Tina Smith is in Washington D.C. talking about rural health care, but there is one thing about her support for Medicare public options in Minnesota that she does not want to talk about.
According to a recent study, a public option health insurance plan like the one that Smith supports would put between 25 and 49 Minnesota rural hospitals at risk of closing. The study by Navigant Consulting found that “offering a government insurance program reimbursing at Medicare rates as a public option on the health insurance exchanges created by the Affordable Care Act could place as many as 55% of rural hospitals, or 1,037 hospitals across 46 states, at high risk of closure. The rural hospitals at high risk represent more than 63,000 staffed beds and 420,000 employees (over 46 states).”
According to data.HRSA.gov, as of October 2019, Minnesota had: 78 Critical Access Hospitals, 99 Rural Health Clinics, 13 Federally Qualified Health Center and 25 short term hospitals all located outside of Urbanized Areas. At worst, one vote from Tina Smith solidifying Medicare public option health care may be responsible for closing almost 25% of rural hospitals in Minnesota.

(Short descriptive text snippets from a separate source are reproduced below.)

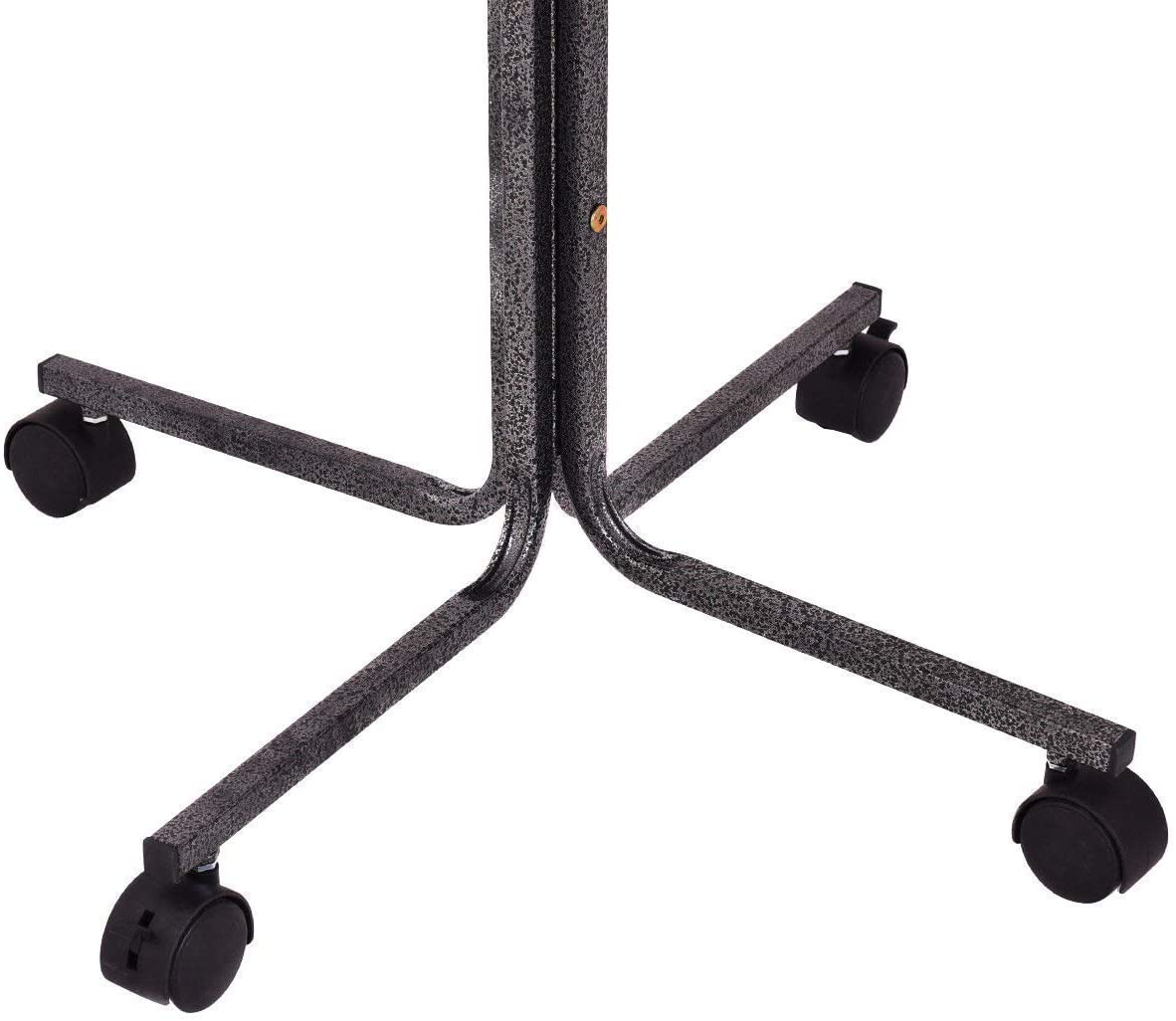 Giantex Bird Play Stand 51 Inch, Large Stainless Steel Tray Feeder, Wood Bar Parrot Perch, 2 Feeding Bowls, Lockable Wheels, Pet Bird Play T Stand Animals & Pet Supplies > Pet Supplies > Bird Supplies > Bird Gyms & Playstands Giantex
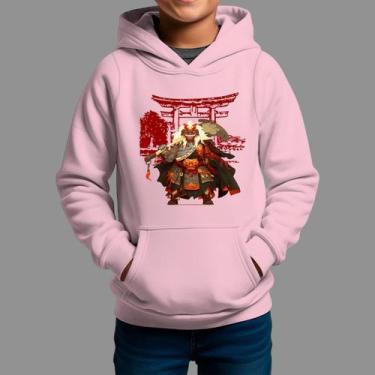 Imagem de Moletom Canguru Infanto Juvenil Algodão Casual Estiloso Tecido Macio T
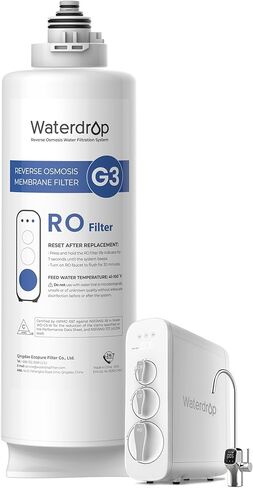 Waterdrop G3-N2RO Filter, Replacement for Waterdrop G3-W 400 GPD Reverse Osmosis System, Reduce PFAS, 2-year Lifetime in Kuwait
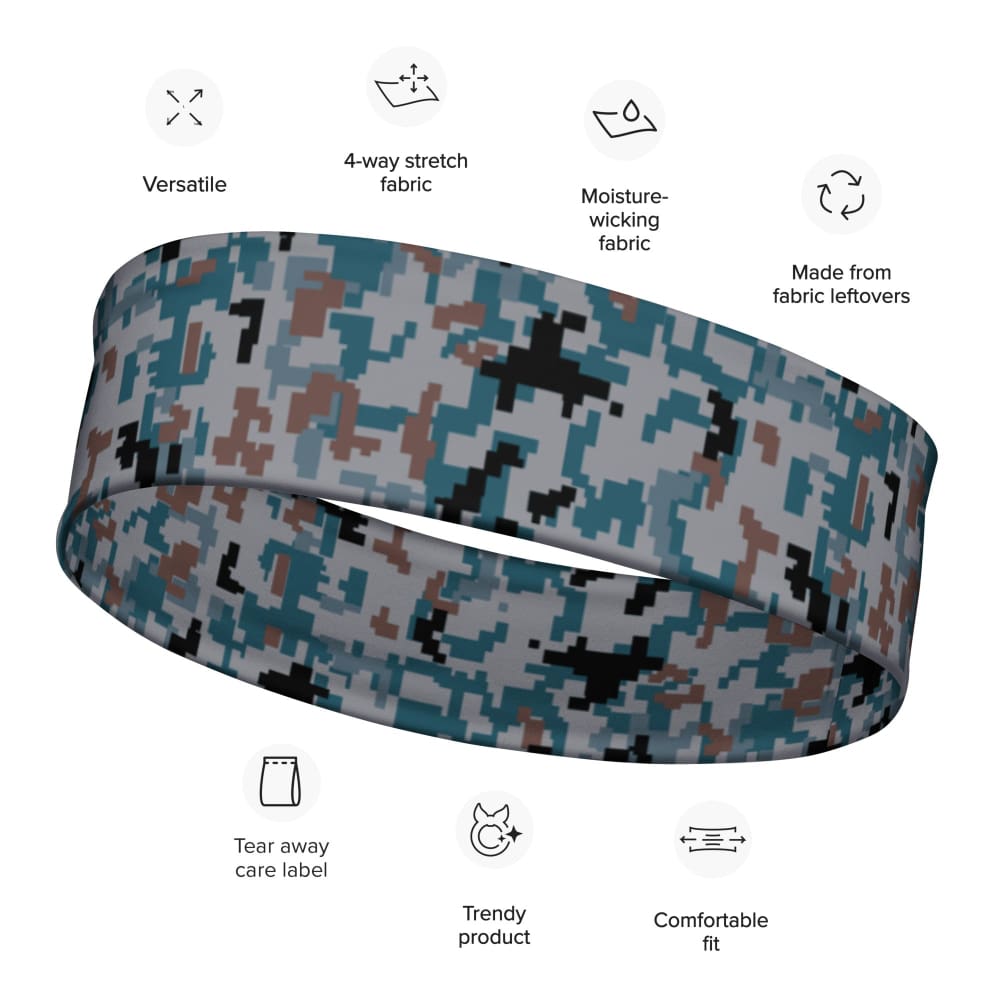 Japanese Air Self-Defense Force (JASDF) Digital CAMO Headband - M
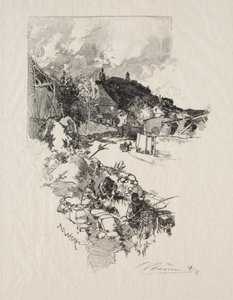 Strada di Versailles da Auguste Louis Lepère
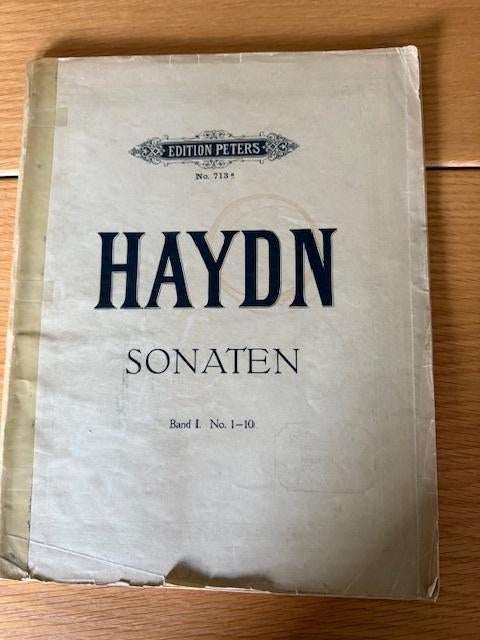 Joseph Haydn – Sonaten für Klavier zu zwei Händen, Band I, Gebruikt, Klassiek, Ophalen of Verzenden, Artiest of Componist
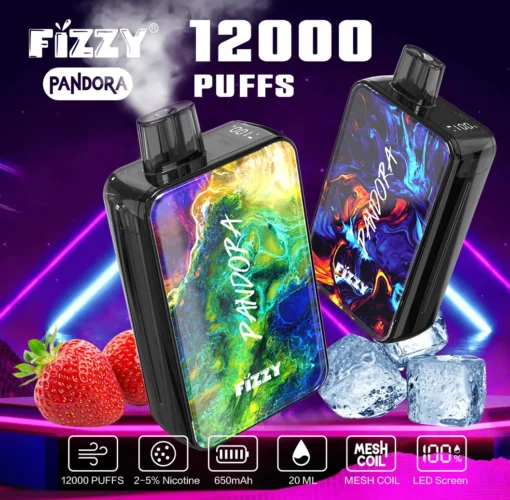 Fizzy Pandora 12000 Puffs – 12K Vape with Multiple Style Options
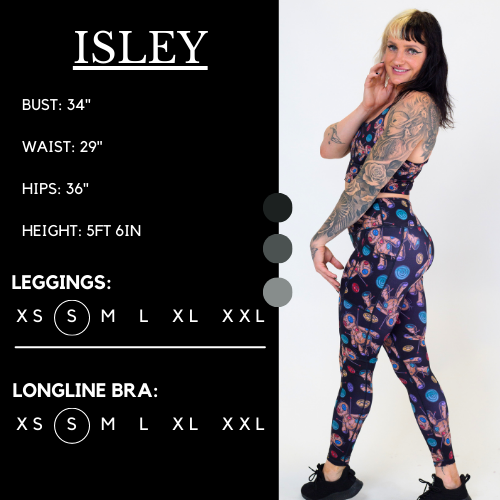 Voodoo Doll Print Leggings for Women - Stylish Black Yoga Pants for Workout, Halloween Costume & Gothic Fashion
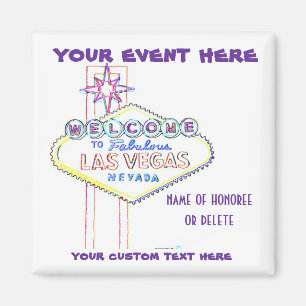 Las Vegas Sign Artsy for Special Events Magnet
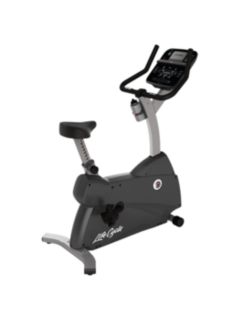Life Fitness Lifecycle C1 Upright Exercise Bike with Track Connect Console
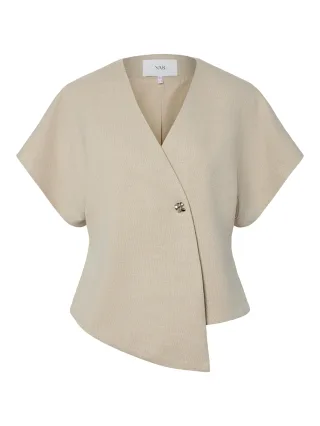 Y.A.S - YASCOMIRA SS BLAZER S. Oatmeal - Gr. - 38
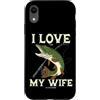 Pike Fishing Frau Spruch Wife Hecht Ange Custodia per iPhone XR Pesca luccio I Love It Pike When My Wife Let Me Go Fishing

Joanna Rodriguez, Press Secretary of the National Republican Senatorial Committee, said that “If Tina Smith’s pubic option were enacted it would put as many as 49 rural hospitals across Minnesota at risk of closure.” Rodriguez continued to claim that Tina Smith was duplicitous with her intentions, because if she “was serious about improving rural health care she would stop placating to the far-left voices of her party whose actions will lead to a drastic reduction in health care options for rural Minnesotans.”
U.S. Senate Candidate Jason Lewis has continued to push for better and more affordable healthcare. At a roundtable in Luverne last month, Lewis laid out his plan to improve rural healthcare — and unlike the public option Senator Smith supports, Lewis’ plan doesn’t risk the closure of up to 49 rural Minnesota hospitals.
Lewis’ plan can be broken down into four key categories for policy improvements: Agriculture, Jobs and the Economy, Infrastructure, and Health.
Jason Lewis also wants to expand on his bipartisan bill to establish an advisory committee on opioids to address the harmful effects of the opioid epidemic, one that has rocked our state. He also aims to see what actions employers can take to help affected employees all while making certain important pain-relieving drugs are still accessible for those who really need them.